The report, however, says the country is yet to start drawing maximum socio-economic benefits from the increased electrification.
Kenya Power’s rural customers, it adds, are spending a paltry Sh3.34 daily on electricity hurting the utility due to expensive transmission losses that are not compensated by paying users.
Kenya borrowed heavily from the World Bank to extend the reach of the national grid as the Jubilee administration sought to build infrastructure for the economy to grow but that investment is yet to translate into higher economic activities.
According to the report, the improving electricity access should be complemented by promoting productive uses of the power.

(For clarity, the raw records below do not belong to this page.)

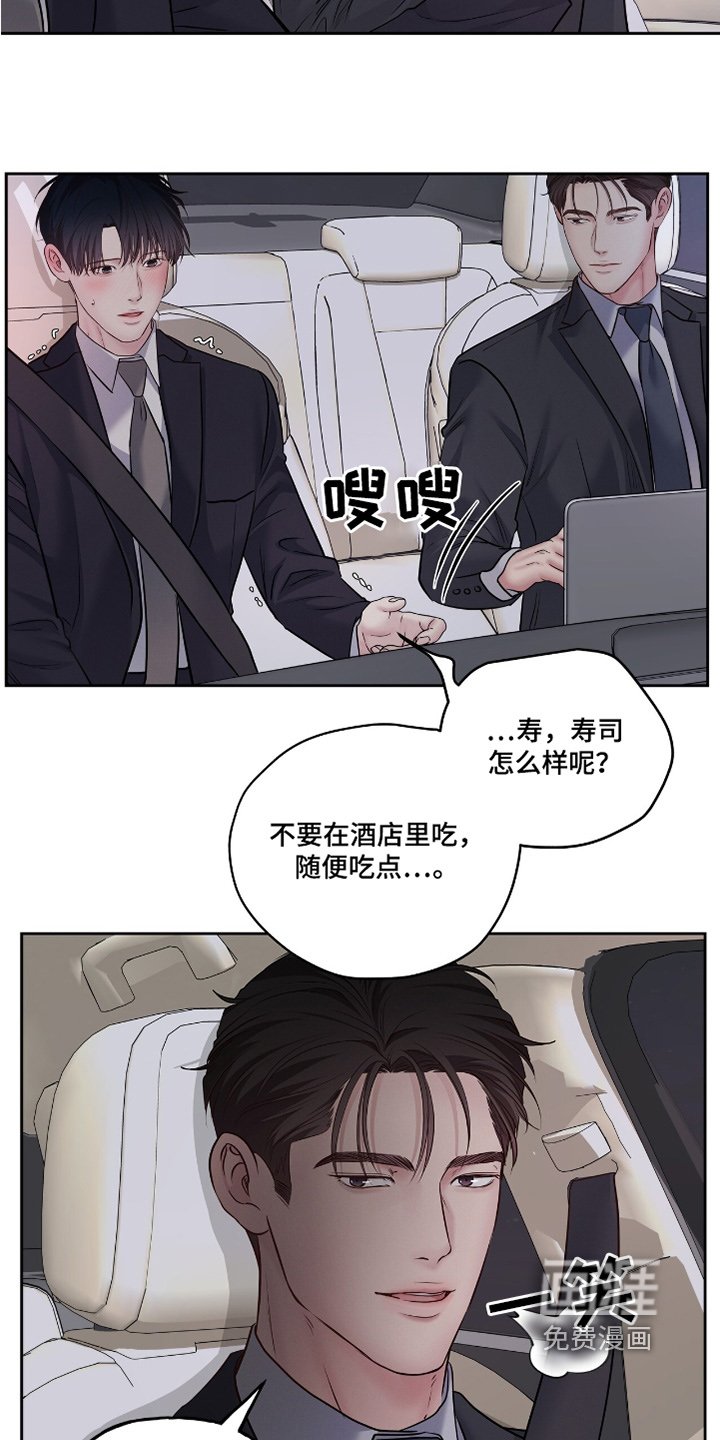 第54章：不行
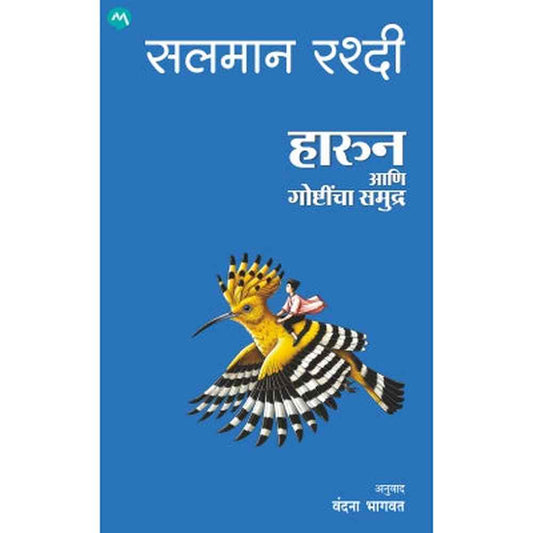 HAROUN AANI GOSHTINCHA SAMUDRA by SALMAN RUSHDIE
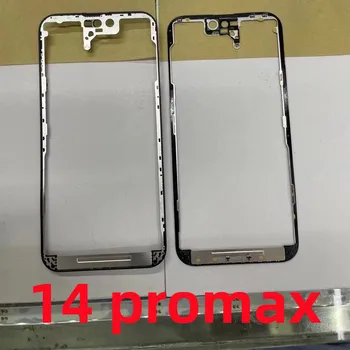 10 шт./лот, одежда высшего качества для iPhone 14 Plus Pro Max 14promax, передняя рамка, ЖК-дисплей, средняя рамка  0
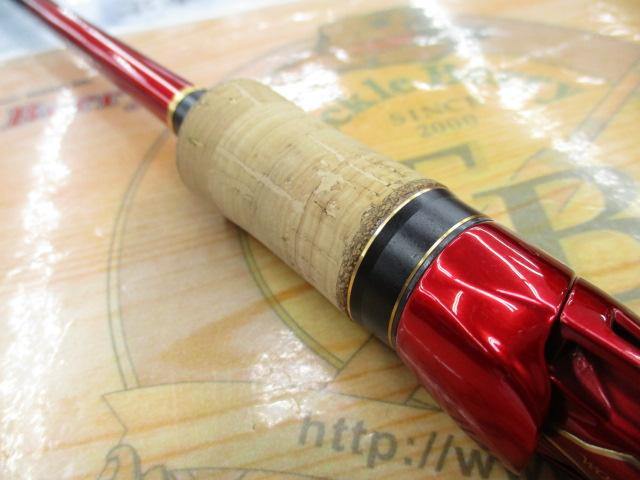 18ワールドシャウラ 1651FF-3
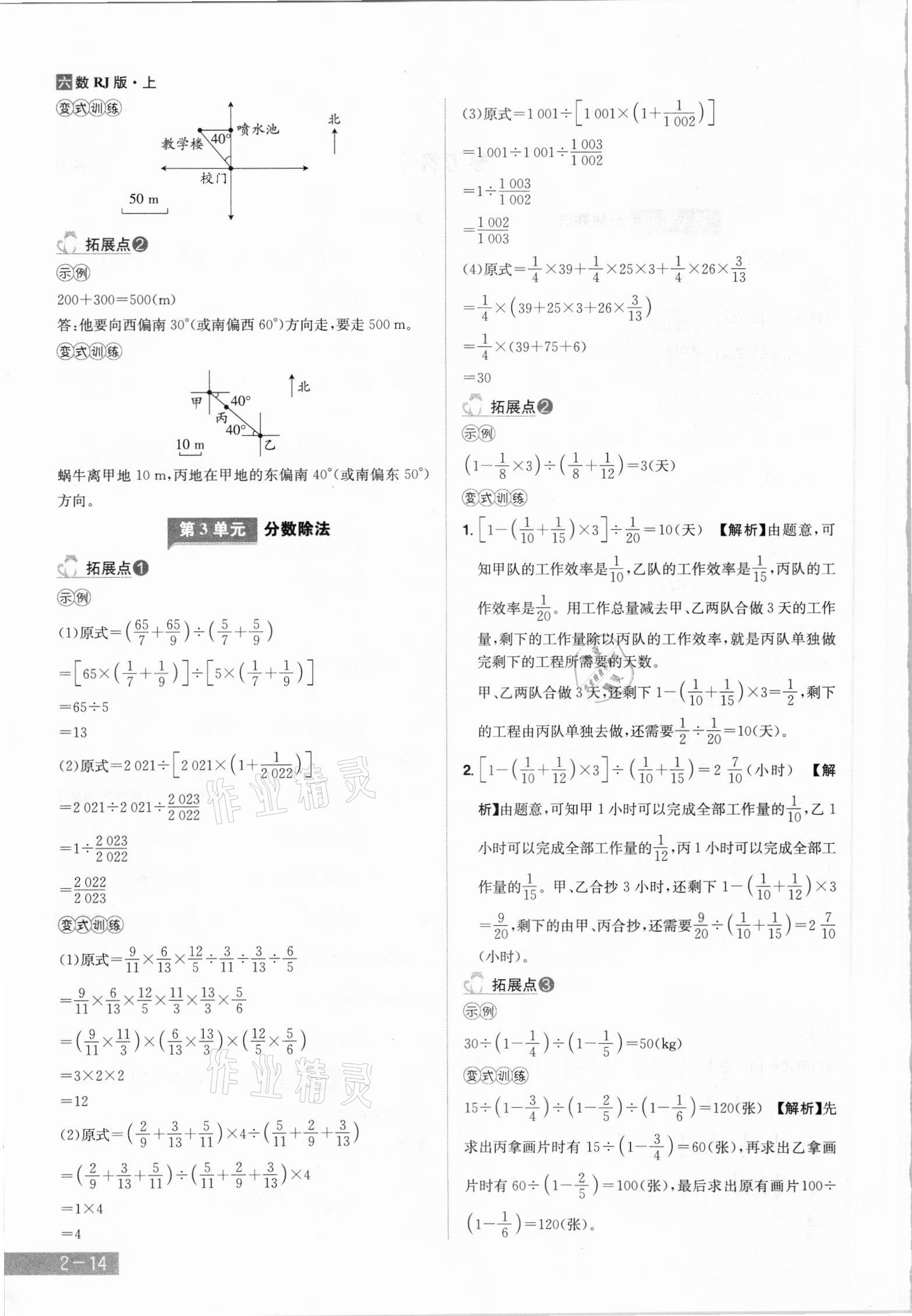 2021年龙门之星六年级数学上册人教版 参考答案第2页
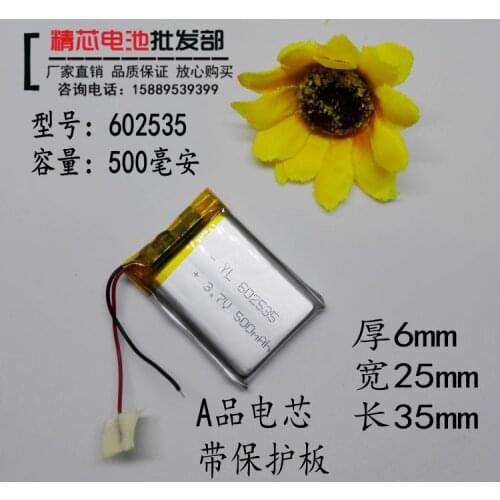 New Czech Republic d720 recorder 602535 general rechargeable 3.7V polymer lithium battery removable Rechargeable Li-ion Cell
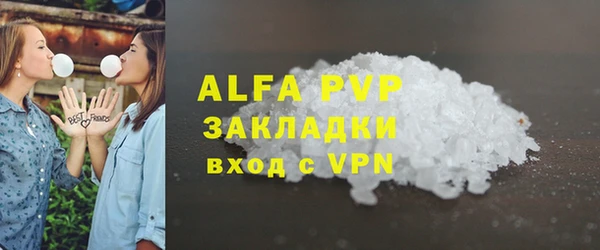 мефедрон VHQ Балахна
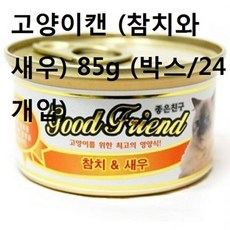 [에이치플러스몰] 길냥이사료 고양이캔 참치와 새우 85g 박스24개입, 상세 설명 참조, 상세 설명 참조, 24개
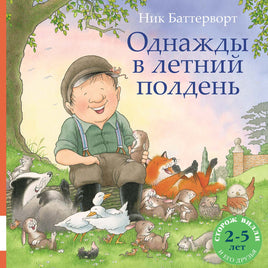 Однажды в летний полдень Printed books Мелик Пашаев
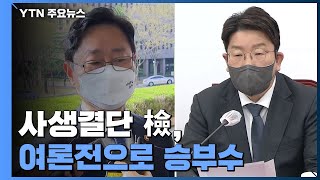 사생결단 檢, 여론전으로 승부수...박범계 \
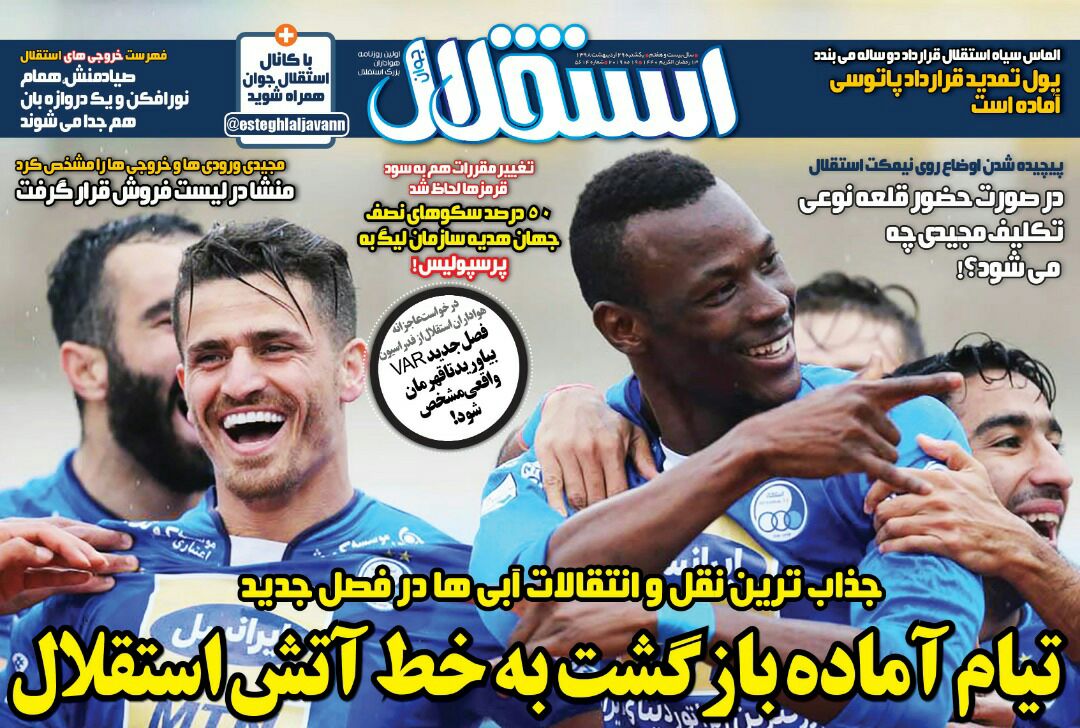 رینگ بوکس در زمین فوتبال/ تمهیدات تاج برای تکرار نشدن تجربه کی روش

“To date, Kenya’s electrification programmes, like most, have encouraged supply while overlooking the need to stimulate demand, especially demand for productive uses of electricity,” it adds.
The average monthly electricity power bills for these poor rural households is just a paltry Sh100 a month, or Sh3.34 a day according to Kenya Power.
Homes that use six-kilowatt hours (kWh) of electricity or less every month indicate that a majority of them use electricity for charging phones and controlled lighting.
They are likely not to plugged gadgets like fridges, TV, cookers, microwaves and electric heaters, key drivers of power use in homes.
The rural population would have benefitted better with the deployment of solar panels but instead the government gave them an overkill showing insufficient planning on the side of the government.
Kenya Power said rural consumers were unable to support its revenues forcing the utility to rely on urban sales and industrial bills.
Kenya has expanded electricity penetration across the country, particularly in rural areas, over the past decade under the Last Mile Connectivity Project.
This scheme connected homes living close to Kenya Power transformers at a subsidised cost of Sh15,000.
Economic value
The project, which is funded by donors such as the African Development Bank, also brought transformers and power lines to zones that had little economic value for Kenya Power to commit billions of shillings for grid development.